Leslie looked into Clete’s face. “Do you remember me, Mr. Purcel?”

“What, from the Quarter?” he said.

“During your torment in the Keys. I saved you.”

“No, no, no,” he said. “No thanks, no help wanted, no more green monsters in my life or archangels flying around.”

Leslie sat down by her daughter and stroked her hair. “If you can be kind to Gideon, you will change American history.”

“I don’t want any of that crap,” Clete said. “I’m going to cool out as many of these guys as I can and worry about the other stuff later on.
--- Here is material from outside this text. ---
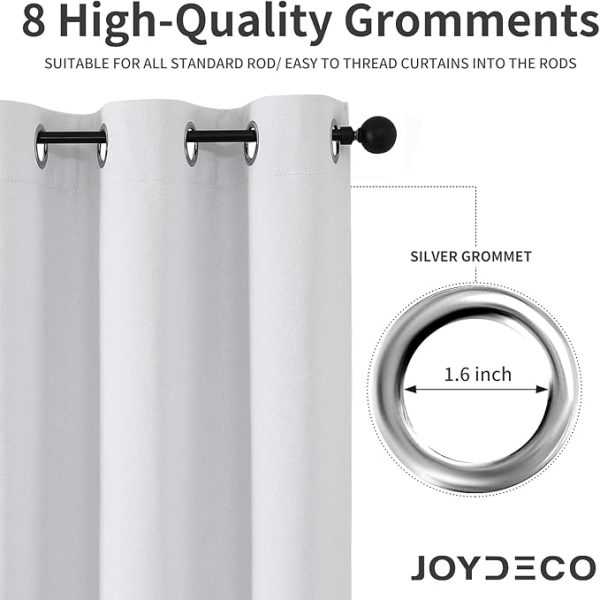 Joydeco 100% Blackout Curtains 96 Inches Long 2 Panels Set, Thermal Insulated Long Curtains& Drapes 2 Burg, Room Darkening Curtains for Bedroom Living Room Window (Pure White, W52 x L96 Inch) - Image 5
Like after I’ve been dead a few hundred years.”

Carroll had gone into the head. He came back out, his face white. “There’s a porthole in there. Take a look.”

“What is it?” Clete said.

“See for yourself,” Carroll said. “I don’t want to believe in stuff like this. My head is coming off my shoulders. It’s some kind of mind-fuck. Sorry, Father.”

“I think I’ll survive,” Julian said. He went into the head, then came back out, pinching the bridge of his nose and widening his eyes, as though arranging words in his head before he spoke them. He looked at Clete. “Did you kill someone today?”

“No,” Clete said. “I ran Adonis’s head into the bulkhead and put a hypodermic needle in a guy’s neck.”

“The man you injected, what was he wearing?”

“Silver overalls.”

“He’s tied to the mast of Gideon’s prison ship. His entrails have been pulled out.”

“I didn’t do anything like that,” Clete said.

“I didn’t say you did,” Julian replied.

“What time of day is it out there?” Clete asked.

“You tell me,” Julian said. “The sky is purple and green and full of electricity.”

“Dave, we’ve got to make a move,” Clete said.

Just then the yacht pitched, then seemed to mount a swell and dip forward and slip down a deep trough. It smacked bottom with such force that it jarred out teeth and splashed seawater through the porthole in the head.

“Come on, Dave, don’t just stand there,” Clete said.

I looked at Leslie and her daughter. I had the feeling I would never see them again.

“Do you hear me, Dave?” Clete said.

“Let’s go,” I said.

“What about me?” Carroll said.

“Give me the piece and stay here,” Clete said.

“I’m not up to it?” Carroll said.

“It’s me that green bastard is after,” Clete said. “You may be the guy who has to get everybody home, Carroll. Do us a solid.”

“Yeah, no problem,” Carroll said, handing the .25 semi-auto and spare magazines to Clete. “Yeah, we’re gonna get through this. Right? Somebody knows we’re here. We just got to hold on.”

Have you ever seen someone rolled up in an embryonic ball at the bottom of a foxhole, his eyes squeezed tightly shut, his forearms clamped on his ears, while an artillery barrage marches through his position? That’s what Carroll LeBlanc made me think of.